Researchers Show NSA’s Capability to Break Trillions of Encrypted Connections

NSA

Researchers have fundamentally proven that NSA broke the most-widely used encryption on the internet.

It was 2014 when documents leaked by former NSA employee Edward Snowden revealed the NSA’s capability to break trillions of encrypted connections by exploiting standard implementations of the Diffie-Hellman key exchange (DHE) algorithm.

Cryptographers and computer scientists, at the time, pointed to the notion that some 92 percent of the top 1 million Alexa HTTPS domains had only used a few prime numbers. Applications relying on the DHE generate ephemeral keys using groups of large prime numbers, fundamentally taking hundreds of even thousands of years with massive infrastructure to decrypt secure communications.

NSA’s $11 billion annual budget underlined its intent to develop a system that had “groundbreaking crypto-analytic capabilities”, leaving a majority of the world’s HTTPS domains under the NSA’s crosshairs.

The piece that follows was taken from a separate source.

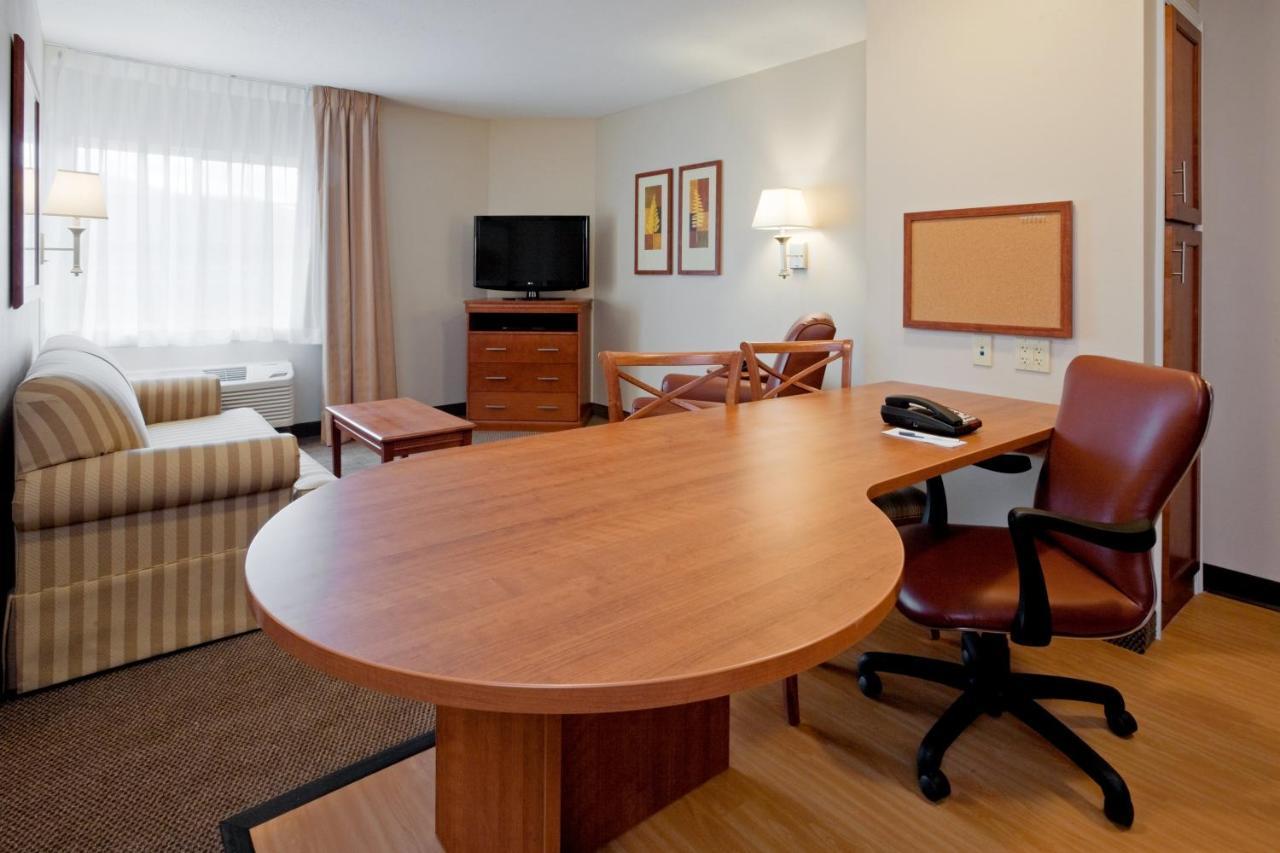 Candlewood By Ihg Hotel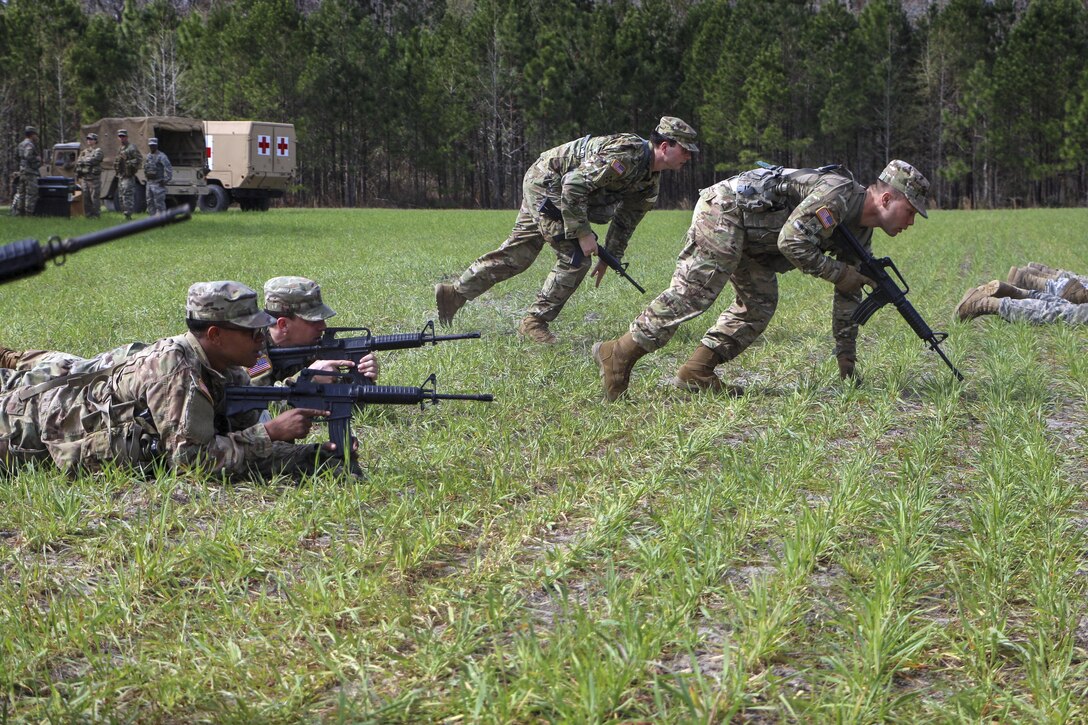 Soldiers conduct individual movement drills at Fort Stewart, Ga., Feb. 14, 2017. The event helped determine who would represent the battalion at the 11th annual Best Sapper Competition at Fort Leonard Wood, Mo. The soldiers are assigned to the 3rd Infantry Division's 9th Brigade Engineer Battalion, 2nd Infantry Brigade Combat Team. Army photo by Spc. Joshua Petke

Now, researchers from the University of Pennsylvania, INRIA, CNRS and Université de Lorraine have demonstrated how the NSA gained such capabilities. With 3,000 CPUs working over a two-month period, researchers were able to break one of the 1024-bit keys. This gave them the capability to passively decrypt HTTPS-based communications in their millions.

The DHE algorithm enables exchanging cryptographic keys over untrusted channels. Channels that allow protcols including HTTPS, SSH, VPN and more, to negotiate a secret key and create a secure connection.

In their research paper, the researchers explained how the DHE was intentionally weakened in a clandestine manner, masking how various applications generate prime numbers.

Researchers created a weak 1024-bit DHE trapdoor. In other words, they randomly selected a large prime number from a predetermined group. This enabled them to solve the discreet logarithm problem, some 10,000 times easier.

The research explained:

Current estimates for 1024-bit discrete log in general suggest that such computations are likely within range for an adversary who can afford hundreds of millions of dollars of special-purpose hardware,” the researchers wrote in their paper.

Fundamentally, any state-sponsored hacking endeavor with advanced hackers and the necessary resources who are aware of prime numbers generated for trapdoor function while looking to decrypt 1024-bit secured communications can unscramble the discreet logarithm, enabling them to decrypt hundreds of millions of DHE connections.

The researchers added:

The discrete logarithm computation for our backdoored prime was only feasible because of the 1024-bit size, and the most effective protection against any backdoor of this type has always been to use key sizes for which any computation is infeasible.

Researchers estimate that similar computations for 2048-bit keys, even those with backdoored prime numbers, would be 16 million times harder to crack, compared to 1024-bit keys. Meanwhile, 1024-bit keys remain the most widely used online.